> Assigned task: Please restate every line below exactly, without any pictures.

> Material provided:
Content starts

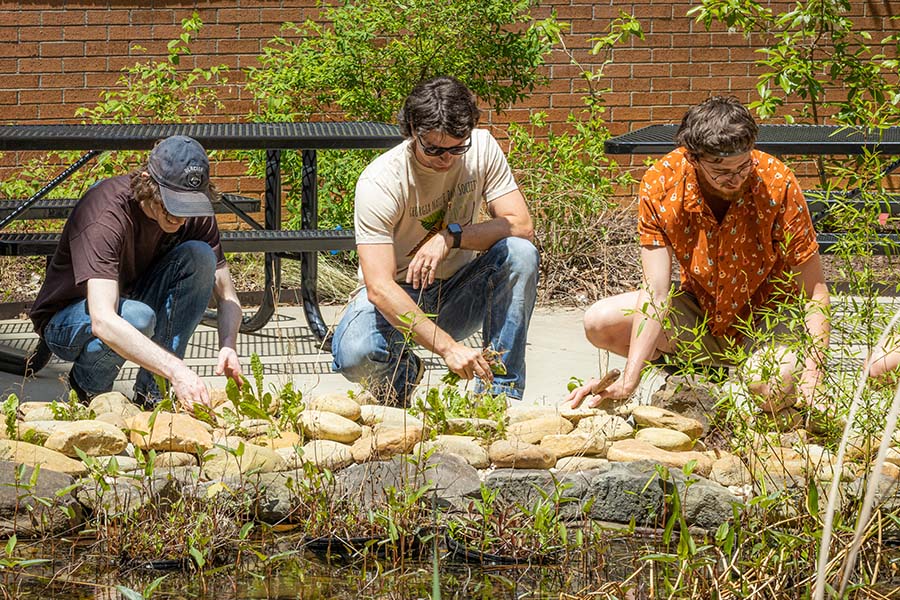 Faculty and students in the Oasis outdoor classroom / Kennesaw State students work in the Oasis outdoor classroom. Money for the space was donated by Joseph Cook.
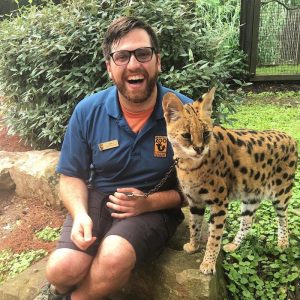 clouded leopard and animal keeper at Nashville zoo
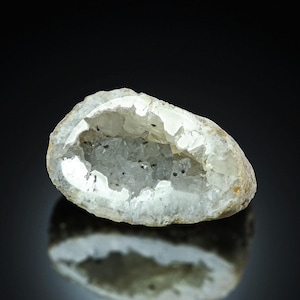 Könnte beinhalten: Eine kleine, oval geformte Geode mit einer rauen, hellen Außenseite und einem hohlen Zentrum, das mit funkelnden, durchscheinenden weißen Quarzkristallen gefüllt ist. Der innere Hohlraum zeigt gezackte Kristallformationen mit dunklen Einschlüssen.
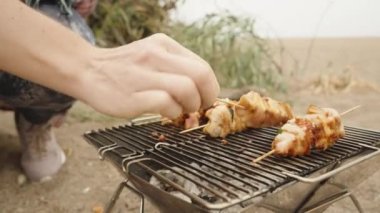 Kadınlar tahta çubuklarda tavuk eti pişirir, sahilde piknik yaparlar. Taşınabilir barbekü.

Content ends

> Exercise result:
 Faculty and students in the Oasis outdoor classroom / Kennesaw State students work in the Oasis outdoor classroom. Money for the space was donated by Joseph Cook.
 clouded leopard and animal keeper at Nashville zoo
 Könnte beinhalten: Eine kleine, oval geformte Geode mit einer rauen, hellen Außenseite und einem hohlen Zentrum, das mit funkelnden, durchscheinenden weißen Quarzkristallen gefüllt ist. Der innere Hohlraum zeigt gezackte Kristallformationen mit dunklen Einschlüssen.
 Kadınlar tahta çubuklarda tavuk eti pişirir, sahilde piknik yaparlar. Taşınabilir barbekü.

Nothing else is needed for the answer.